We were confirmed as medically infertile (not due to my age) which left IVF the only way we could have a child together. This is, of course, massively expensive.

What began as a joint project had morphed into “my” project. I was left with the bills and the organisation, justified in the topsy-turvy universe of our interaction on the basis that I was the only one working. At the time I took this as his general laziness rather than dare think that he didn’t want a child … although the evidence of this was mounting. He lost his sperm test form and took weeks to get another; he wanted genetic testing to reduce the risk of disease, adding $6,000 to my bill. He wanted to live in another country, a project I’d shoved to secondary status after the baby; he lamented what sex with us used to be like and mourned the origin of his child in a specimen jar.

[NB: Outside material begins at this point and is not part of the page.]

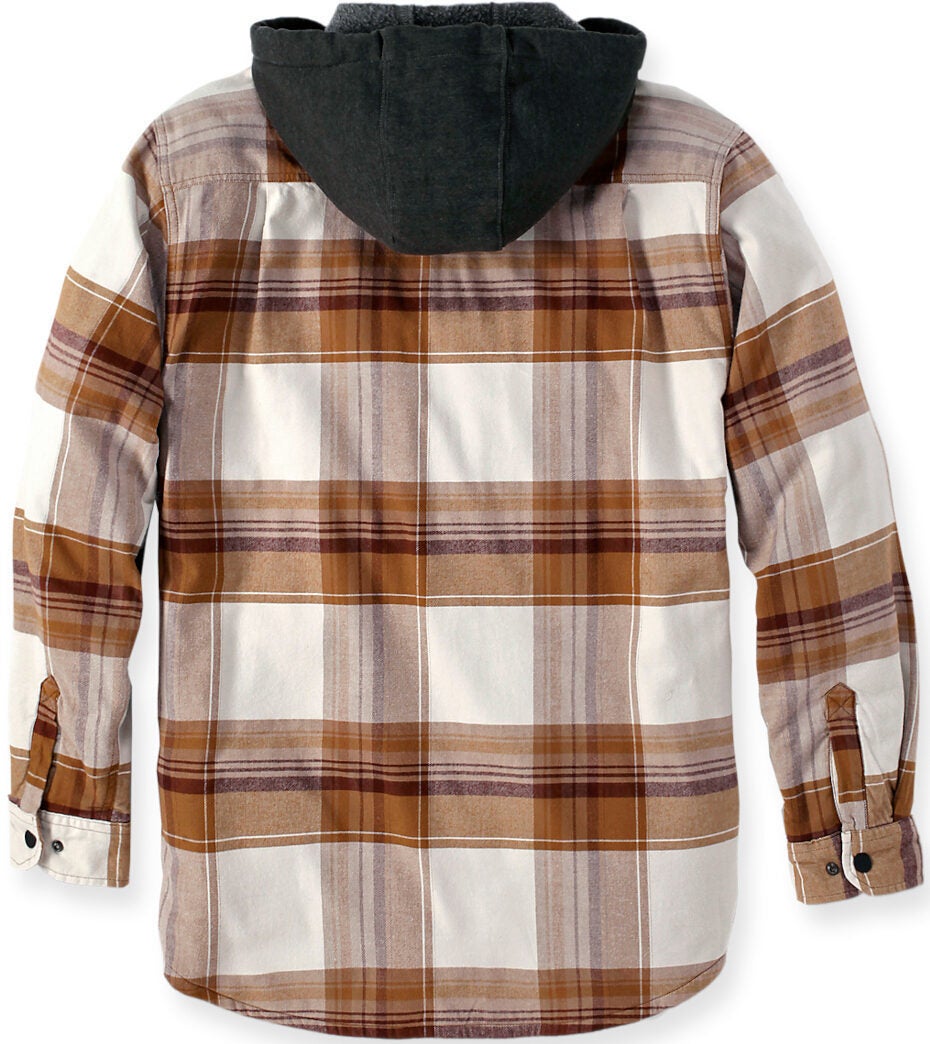 Carhartt Rugged Flex Flannel Hooded Hemd hellbraun M Abbildung 2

“We used to have fun,” he said, “Now all we have are big scary problems.” He didn’t attend the last counselling session required for us to start treatment on the basis that he wanted to move overseas and did not believe I would facilitate his dream once I had a child.

This brought me to my knees and I moved out, aged 39 and six months, to go ahead on my own through the single woman IVF program. My eggs were rotting in my ovaries at this point. I poured my broken heart into reviewing the masses of material on donor IVF.

Although I’d converted my application to single status, attended more compulsory counselling, read books on explaining donor conception to children, I stalled at the last minute – much like my boyfriend. Instead, I turned 40, spent my IVF savings on two overseas trips and pulled the pencil out the closing door of reproduction. At least now I could change jobs, I thought. I’d gone down to part-time work after telling my boss I was undergoing IVF. I hadn’t been able to admit the break up for fear of being returned to full-time work in a stressful job with which I could barely cope. The fictitious boyfriend thing had become absurd.

At this time, my younger sister got pregnant. It was the first pregnancy I could not run away from because we are too close. Instead, it forced me to put my face into the centre of the thing that caused me so much pain. When my niece was born, something miraculous happened. I realised that with her I’d got the baby I so desperately wanted.

At the other end of a short plane ride, I could hug this tiny thing and touch her soft skin, listen to her sounds and gurgles, buy her gifts and take her into my life to make us important to each other. This was the way a baby fitted into my life. I didn’t have to have my own.

I was too crushed from the end of my relationship and years of infertility to start motherhood by myself. I had no financial resources, I’d moved to a city where I had few friends and no family to join the boyfriend who was now my ex. The pieces wouldn’t fit regardless of how I shuffled them. My staunchest supporter, a close friend who had a child with a husband but without money, who’d encouraged me to go for it, back peddled.

The kicker was it costing at least $10,000 to get pregnant. Most people do that bit for free. When I looked at motherhood on my own I saw a really hard road, with crummy clothes and no money, lugging strollers up flights of stairs with a sore back, a stream of penny pinching, labour and loneliness that would take 20 years of my life. I wasn’t sure anymore that I wanted to become a mum under any circumstance.

I’ve often heard it said that having children is the most profound experience in a person’s life. The love for a child is complete and without experiencing the self displacement of raising children, this love remains inaccessible and incomprehensible. After coming out the other end of attempted reproduction I can say that not having children has been the most profound experience in my own life. The soul-crushing pain of it all has placed me on the other side of a river where I can see life as less of a string of acquisitions (husband, children, real estate, career accolades, objects) and find contentment and satisfaction in what I have. I learnt to live without getting what I wanted. I am so grateful for that.